- Required action
Each line in the material below, starting at the one with "T-Shirts Vintage Royal" and ending at the one with "Christopher Knight Home", is to be reproduced exactly; no picture is to be copied.

- Source records
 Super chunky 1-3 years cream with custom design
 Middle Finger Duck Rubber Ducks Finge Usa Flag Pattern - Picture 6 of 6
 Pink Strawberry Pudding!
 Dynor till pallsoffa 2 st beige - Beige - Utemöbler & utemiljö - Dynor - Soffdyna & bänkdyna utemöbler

---

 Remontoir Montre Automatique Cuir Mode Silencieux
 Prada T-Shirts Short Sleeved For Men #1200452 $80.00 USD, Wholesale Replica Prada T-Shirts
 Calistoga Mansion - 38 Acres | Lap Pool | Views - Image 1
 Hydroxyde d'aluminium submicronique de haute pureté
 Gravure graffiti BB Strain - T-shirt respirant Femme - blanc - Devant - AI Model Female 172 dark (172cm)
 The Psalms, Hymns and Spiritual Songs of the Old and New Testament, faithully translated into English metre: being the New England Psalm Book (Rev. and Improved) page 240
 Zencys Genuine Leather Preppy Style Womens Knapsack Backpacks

...

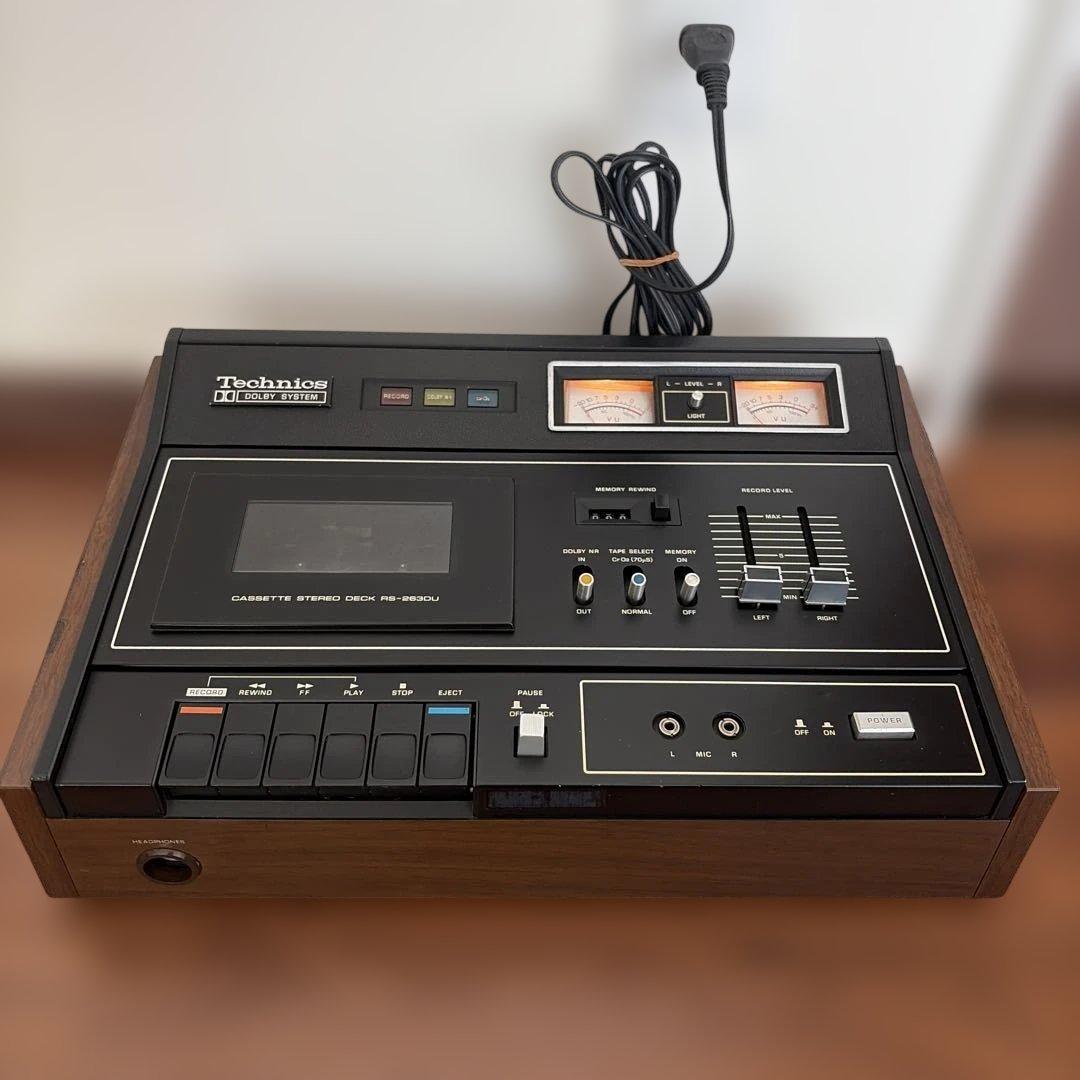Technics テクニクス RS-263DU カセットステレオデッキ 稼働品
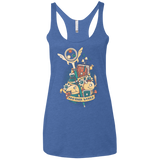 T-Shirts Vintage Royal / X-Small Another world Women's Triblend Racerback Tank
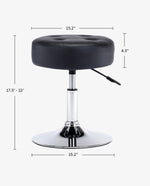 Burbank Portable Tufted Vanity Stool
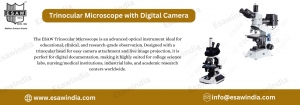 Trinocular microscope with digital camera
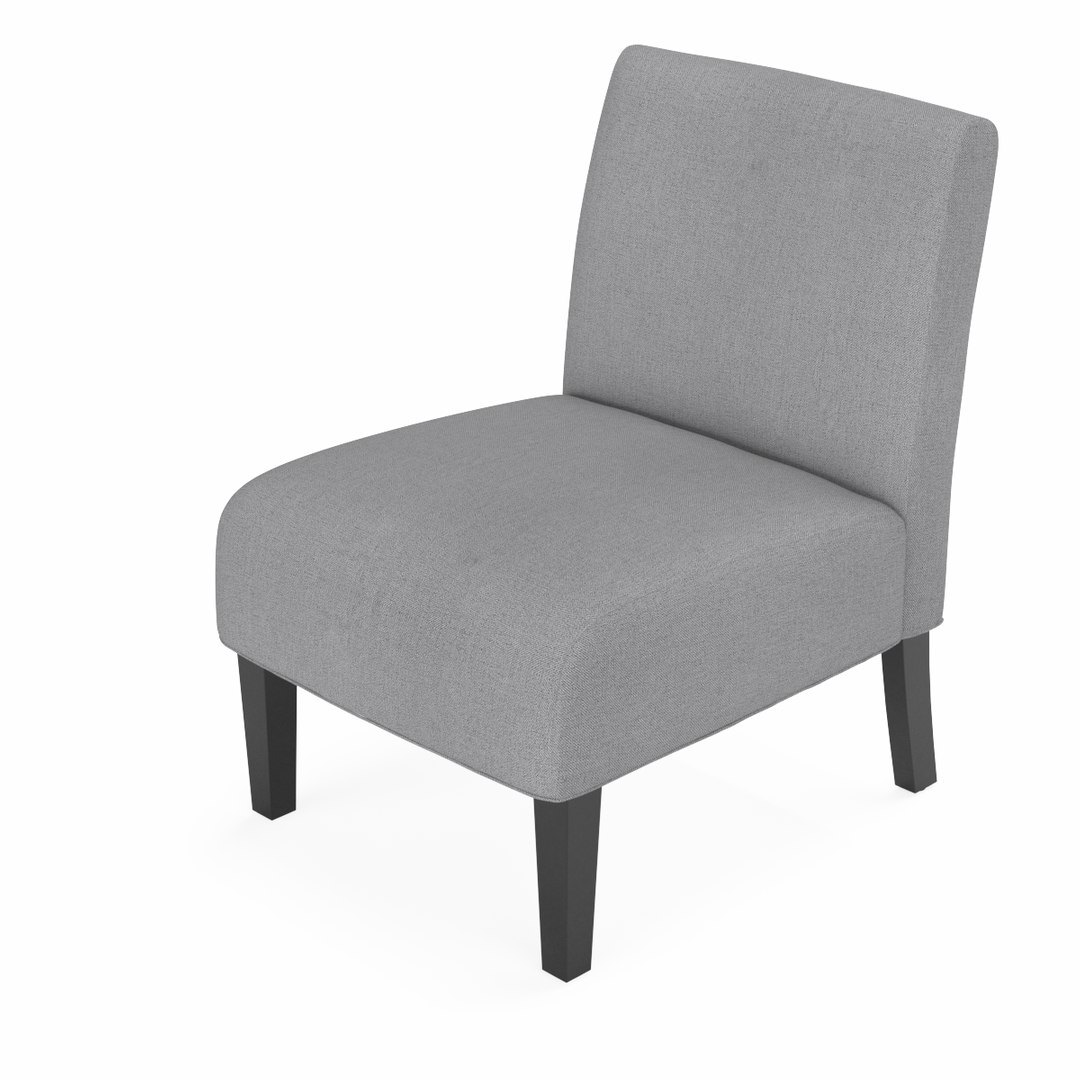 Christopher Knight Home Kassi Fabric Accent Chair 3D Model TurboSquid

- Exercise solution
 T-Shirts Vintage Royal / X-Small Another world Women's Triblend Racerback Tank
 Burbank Portable Tufted Vanity Stool
 Trinocular microscope with digital camera
 Christopher Knight Home Kassi Fabric Accent Chair 3D Model TurboSquid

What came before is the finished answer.